▸ Instructions to follow:
Please repeat the listing below exactly, but do not include its pictures.

▸ Collected material:

....................

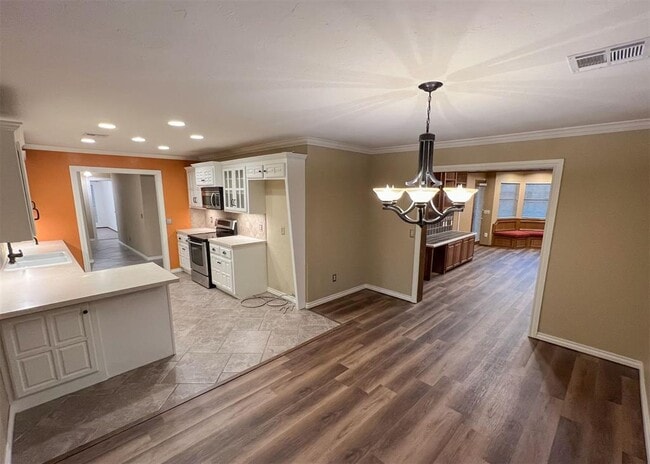 Building Photo - 14008 Apache Dr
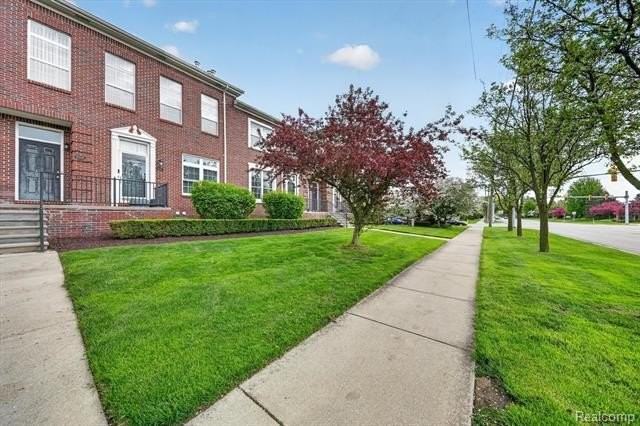 43027 Strand Dr - Photo 2 of 33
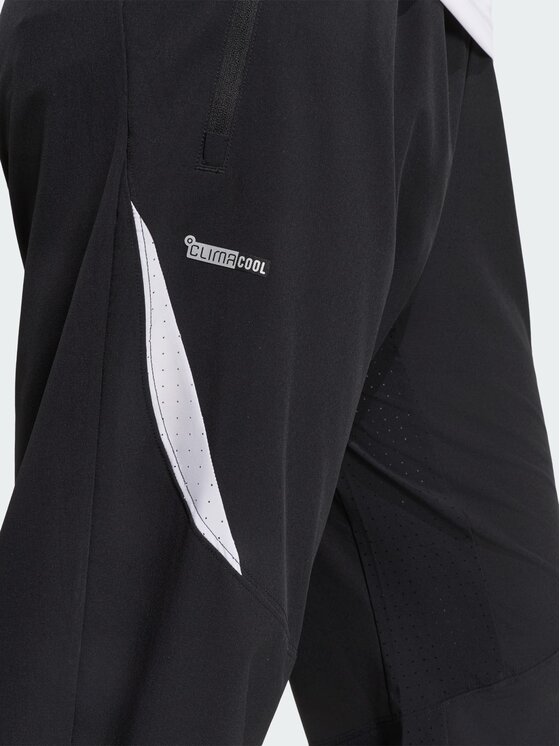 adidas adidas Spodnie dresowe 159473 Czarny Regular Fit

....................

▸ Exercise solution:
 Building Photo - 14008 Apache Dr
 43027 Strand Dr - Photo 2 of 33
 adidas adidas Spodnie dresowe 159473 Czarny Regular Fit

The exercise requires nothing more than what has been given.